You can see examples of suitable file formats for a number of different data types in the Choosing a file format section.
You should choose a file format that is appropriate for your data collection and intended analysis method, but you may also want to consider whether that file format is suited for long-term data preservation. If it isn’t possible to choose a file format that is suitable for preservation from the beginning of the project, one option may be to use one file format for short-term processing of files (a work format), and then convert the finalised files that shall be preserved to a format that is suitable for long-term preservation. Remember to document which formats you have chosen and for which purposes in the project documentation. If you want advice on recommended file formats for long-term preservation, consult with the local research data support unit at your university.
Proprietary file formats
If there are two equal file formats, where one can be read by several software applications and the other can only be read by one, it is safer to choose the format which can be read by several applications.

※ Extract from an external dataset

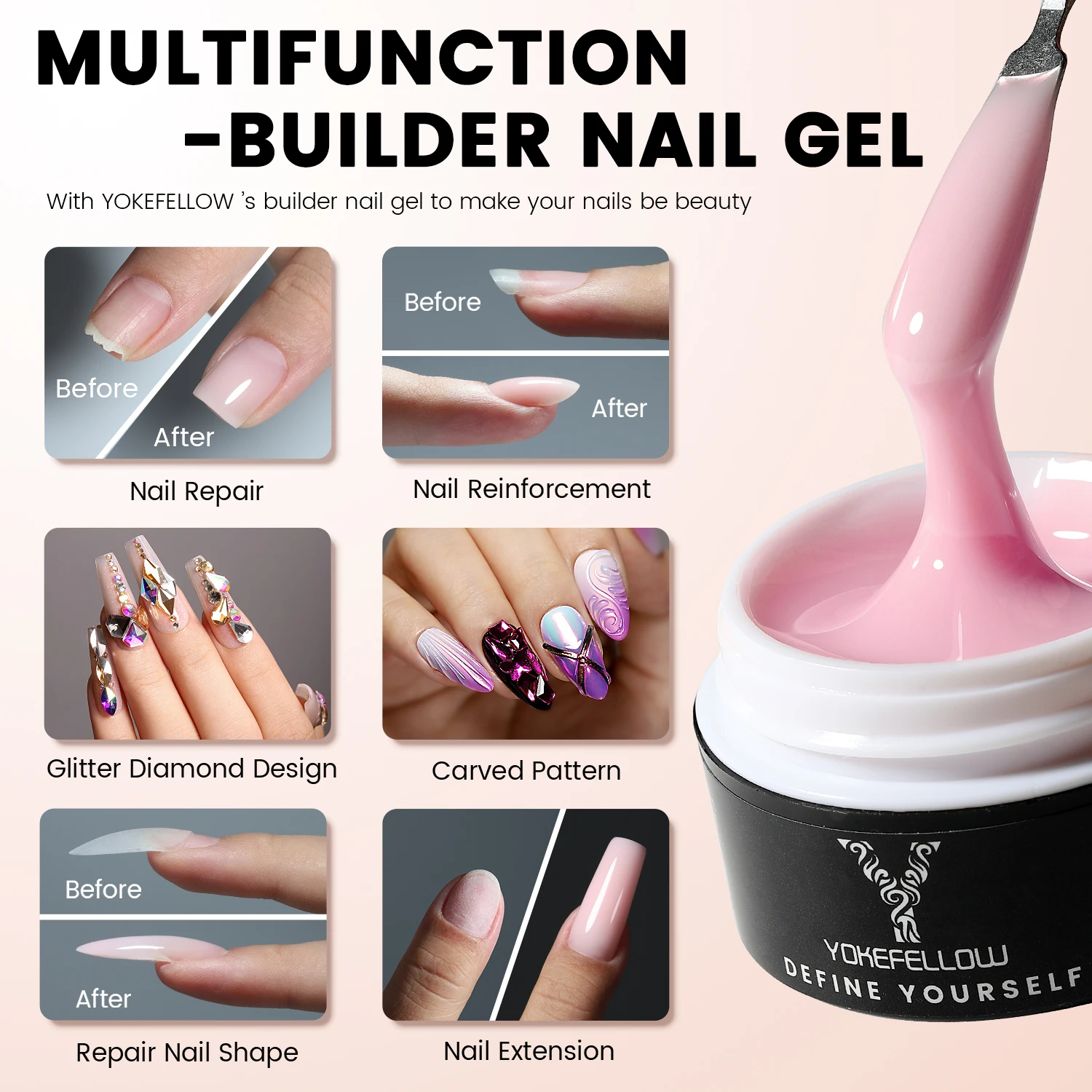 YOKEFELLOW gel constructor de uñas - 15g Extensiones Profesionales gel solido uñas Apto para Novatos gel uñas Adecuado para señoras builder gel uñas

A proprietary file format means that there is an owner (usually a company) who decides how the format operates, and this affects in which applications the format can be used. Many proprietary file formats are also locked and can only be opened in software developed by the same owner.
What happens to the information in a file with a proprietary format if the owner goes bankrupt, or decides that it’s too expensive to keep supporting the format? In a worst case scenario, all information may be lost. (Read more about software in the Software section.)

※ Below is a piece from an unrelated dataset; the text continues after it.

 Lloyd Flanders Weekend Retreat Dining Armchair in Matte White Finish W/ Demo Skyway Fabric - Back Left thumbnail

Some proprietary file formats can be opened in other software applications, either directly or by importing/converting them into the application format. However, doing so risks that the file contents will look strange and that all data may not be converted properly. Similarly, in some applications you can choose from a list of file formats when you save files, and may choose formats developed by other companies, including some proprietary formats. In this case you should also check that all data remain correct in the saved format. The Microsoft Office applications (Word, Excel, PowerPoint etc.) are proprietary, and even if you can open a Word file (.docx) in another application, text and tables may look strange. This is because Microsoft owns the formatting and several of the fonts that are used, and they don’t want to share them with their competitors.